O Christmas Tree, O Super Bowl

by Kevin Burton

    At my house the season to be jolly coincides with football season, at least in part.  Here’s how.

    I got this from a friend I used to work with in Columbus. He shall remain nameless because you wouldn’t know him and so my wife Jeannette won’t be able to hunt him down and attack him for having given me such a notion.

   This guy is sports obsessed to a degree I could never hope to achieve, which is saying something.

   He told me he takes down his Christmas tree each year on Super Bowl Sunday. That, I thought, is awesome!

   It always made me sad to take the tree down right after New Year’s Day. I love the blinking lights most of all. Greater December – December plus a few days of November and January – never was enough for me.

    The NFL’s greed in pushing their season further and further into February just extends my Christmas tree time.  Jeannette, to her credit, has tolerated this with equanimity.
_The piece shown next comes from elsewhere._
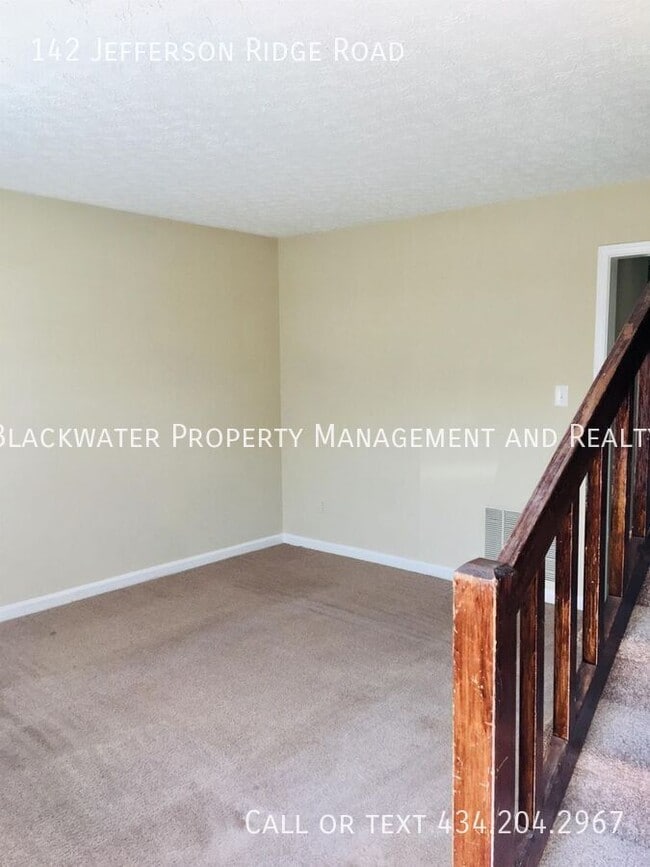 Building Photo - 142 Jefferson Ridge Rd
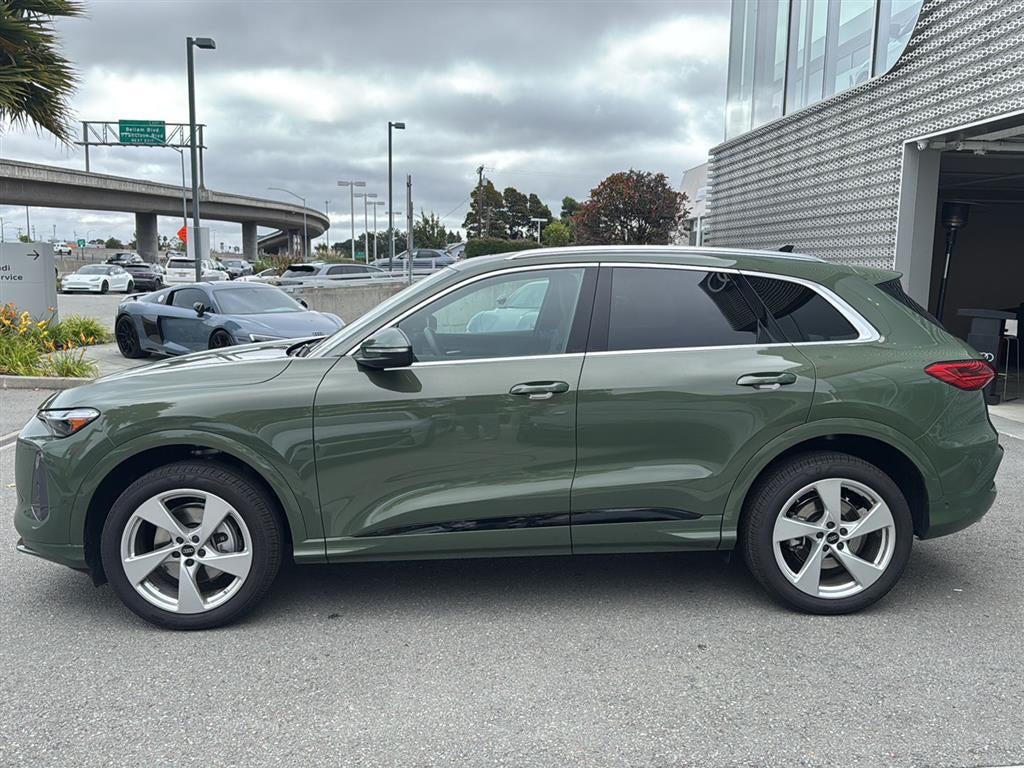 2025 Audi Q5 Premium Plus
   Here is how it works most years if the game is actually watchable. This is a measure of how tired Jeannette is of having the tree up: The first-half clock ticks down to zeros and I take a bathroom break.  By the time I come out to help take the tree down, it is already 60 to 65 percent dismantled. 

  The NFL invented this ridiculously long halftime extravaganza thing, seemingly to give the Burtons time to take the tree down. But with Jeannette in charge of the mission, the tree comes down in much less than a halftime. It takes about as long as one of those officials’ reviews.

   “After further review, the ruling in the house is, Christmas season is over. Please reset the calendar to Valentine’s Day!” 

   Super Sunday is the day that “O Christmas Tree,” that traditional carol, (sample lyric “O Christmas tree, O Christmas tree, your branches green delight us”) turns into a blues number (“your lights are gone…and I can’t go on…”). 

    We have a tall lamp that for the rest of the year, goes where the Christmas tree goes.  We like that lamp a lot. We bought it at an annual garage sale my old non-profit used to have as a fundraiser. 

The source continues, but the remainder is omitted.